### DATA SUPPLIED ###

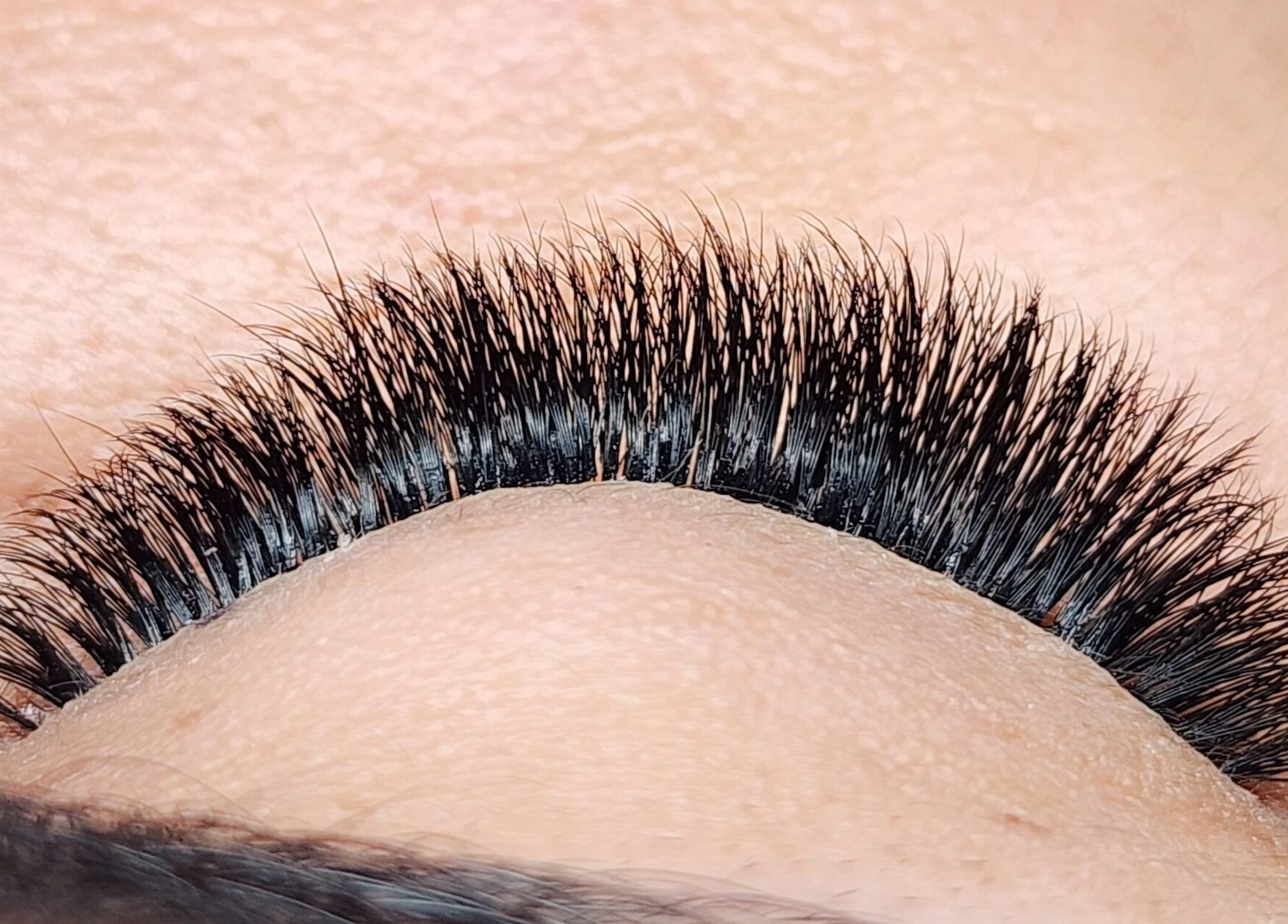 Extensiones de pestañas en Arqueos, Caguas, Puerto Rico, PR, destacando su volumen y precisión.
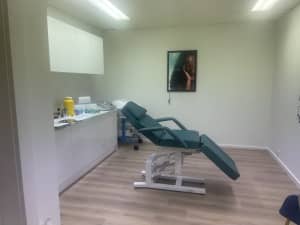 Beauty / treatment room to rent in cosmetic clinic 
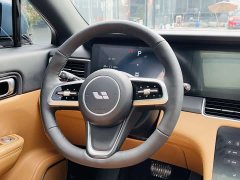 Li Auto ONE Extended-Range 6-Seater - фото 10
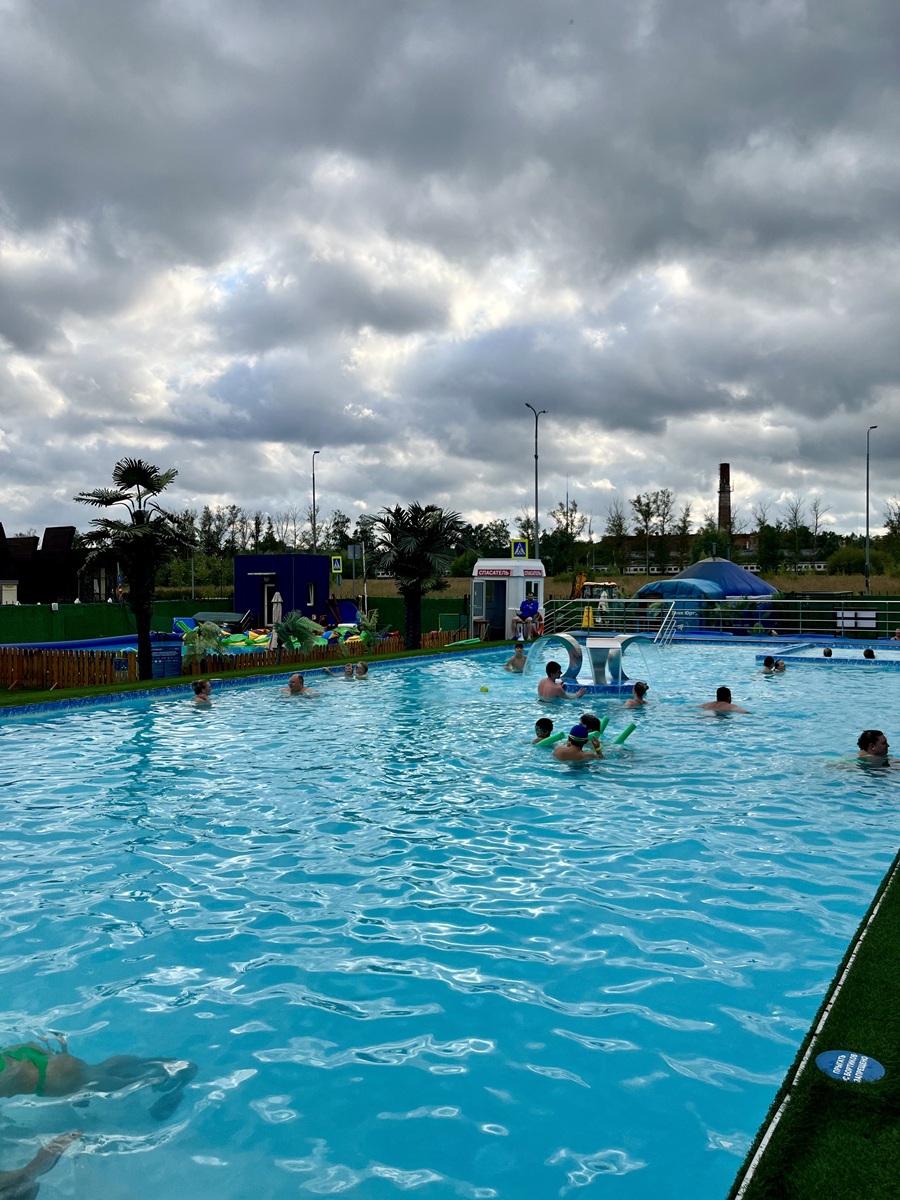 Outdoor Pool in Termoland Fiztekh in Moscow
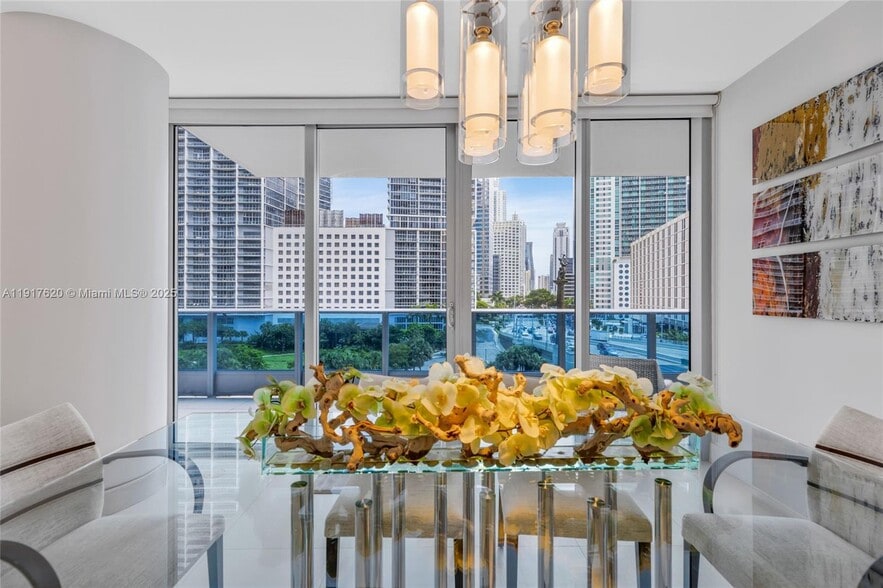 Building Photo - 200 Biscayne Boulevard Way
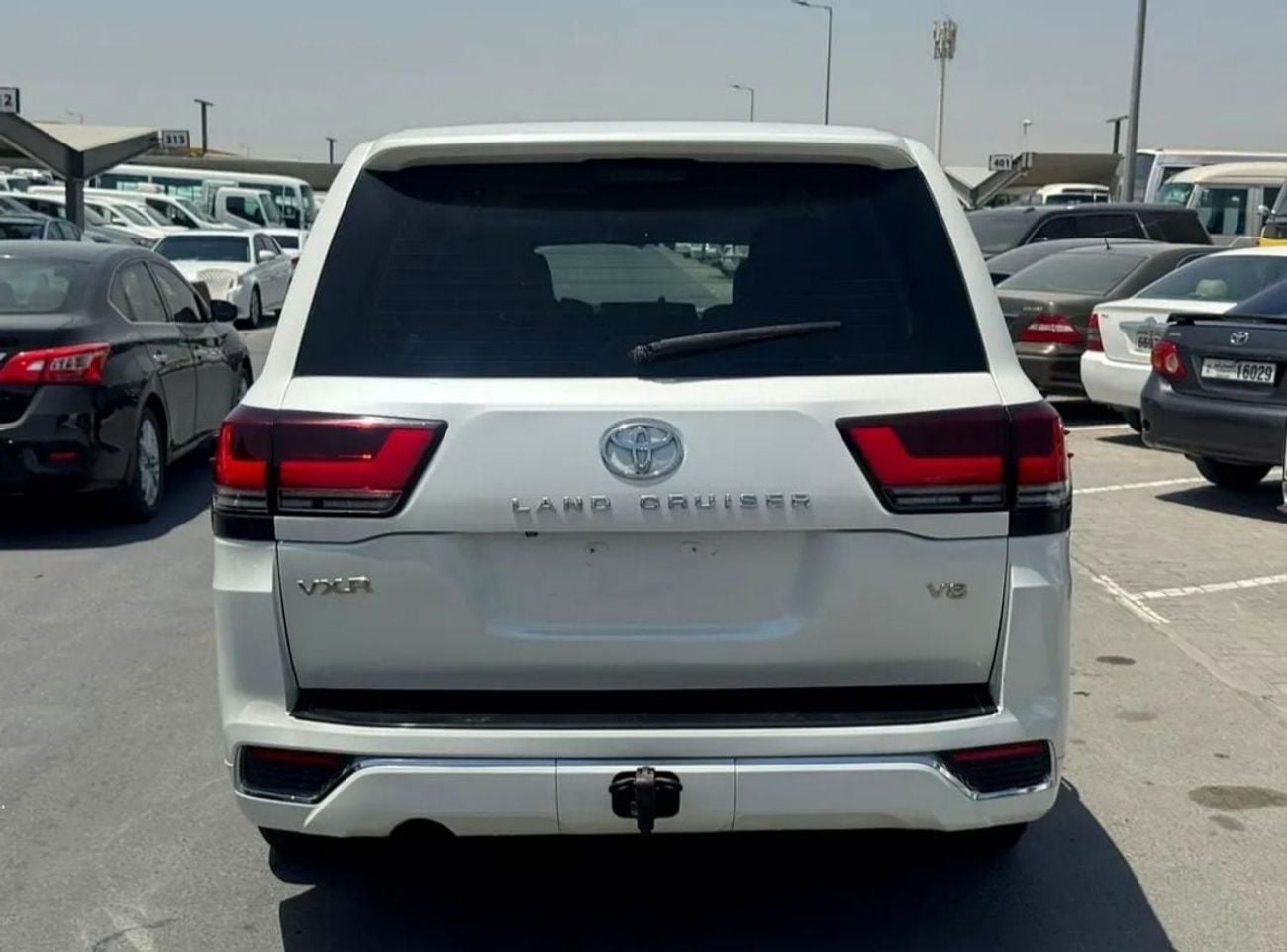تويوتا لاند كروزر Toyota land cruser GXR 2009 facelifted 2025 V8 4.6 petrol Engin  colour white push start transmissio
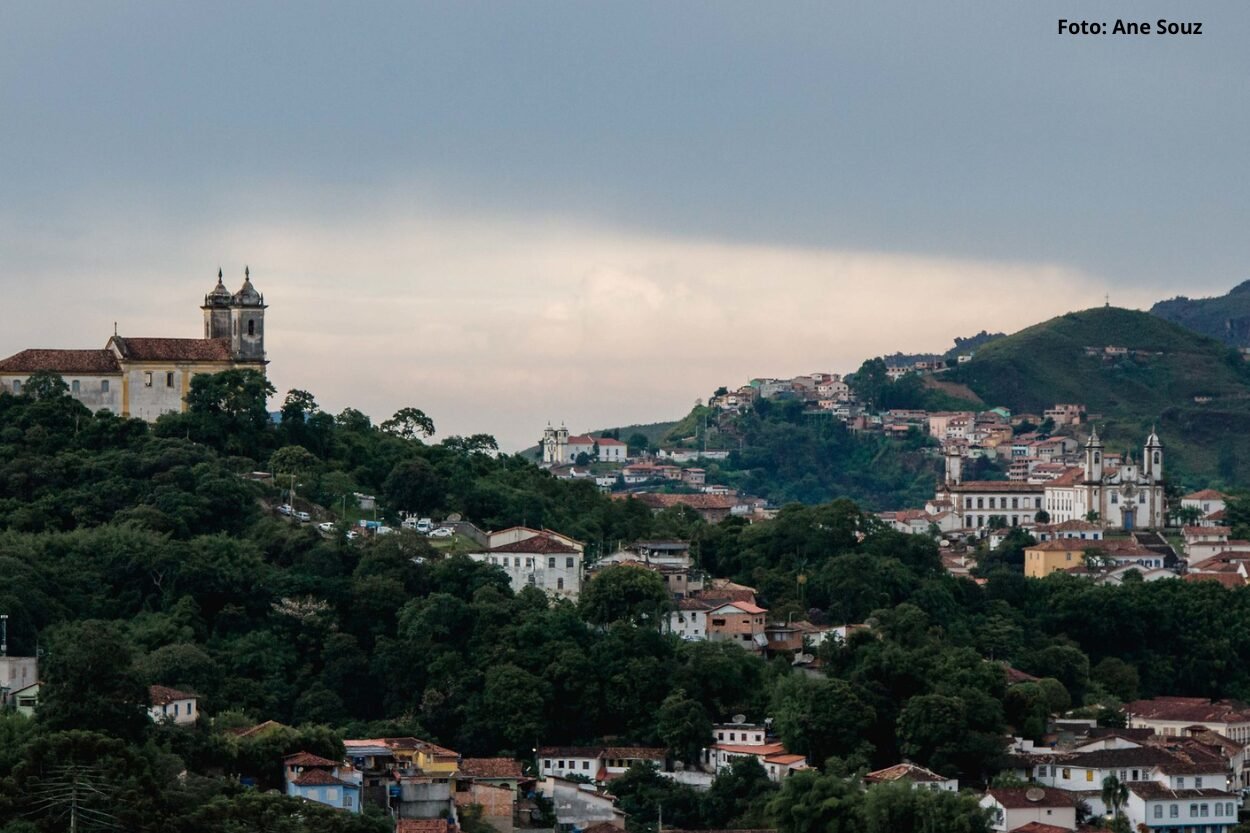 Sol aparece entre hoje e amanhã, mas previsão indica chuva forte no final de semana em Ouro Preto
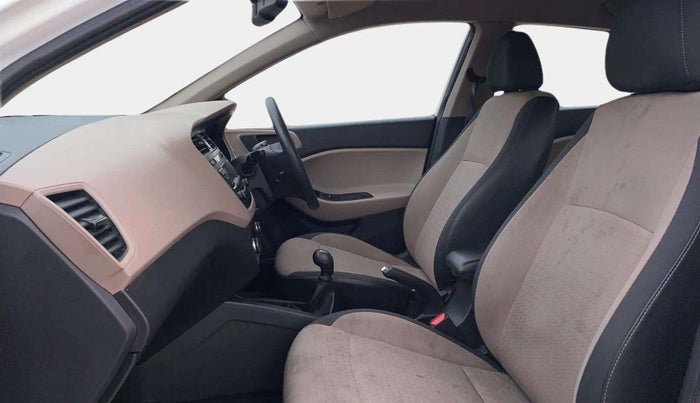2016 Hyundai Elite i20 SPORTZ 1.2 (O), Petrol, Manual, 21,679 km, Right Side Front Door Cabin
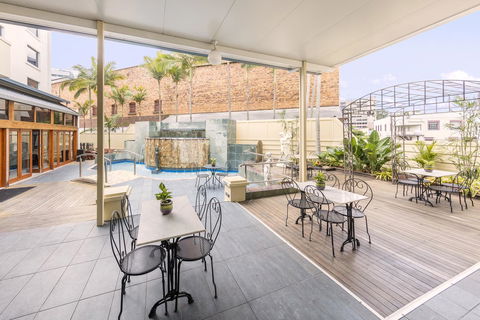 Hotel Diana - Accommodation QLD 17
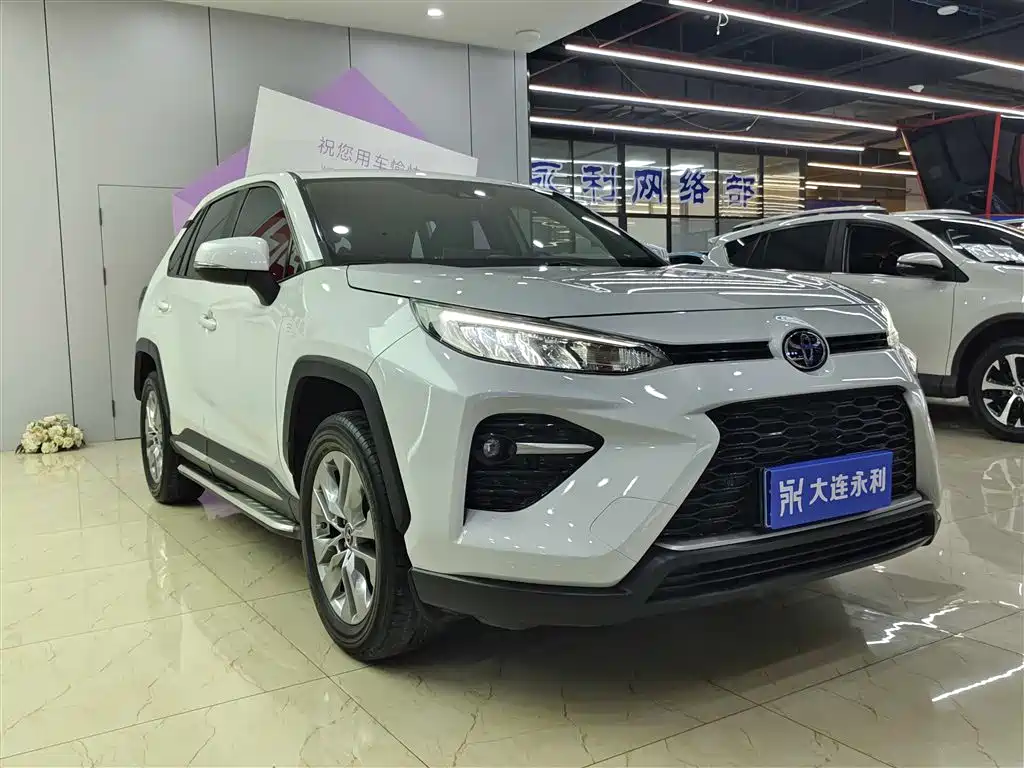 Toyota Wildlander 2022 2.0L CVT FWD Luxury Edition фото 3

###

ACTIVITY
Transcribe all the data word for word; the images stay out.

SOLVED PROBLEM
 Extensiones de pestañas en Arqueos, Caguas, Puerto Rico, PR, destacando su volumen y precisión.
 Beauty / treatment room to rent in cosmetic clinic 
 Li Auto ONE Extended-Range 6-Seater - фото 10
 Outdoor Pool in Termoland Fiztekh in Moscow
 Building Photo - 200 Biscayne Boulevard Way
تويوتا لاند كروزر Toyota land cruser GXR 2009 facelifted 2025 V8 4.6 petrol Engin  colour white push start transmissio
 Sol aparece entre hoje e amanhã, mas previsão indica chuva forte no final de semana em Ouro Preto
2016 Hyundai Elite i20 SPORTZ 1.2 (O), Petrol, Manual, 21,679 km, Right Side Front Door Cabin
 Hotel Diana - Accommodation QLD 17
 Toyota Wildlander 2022 2.0L CVT FWD Luxury Edition фото 3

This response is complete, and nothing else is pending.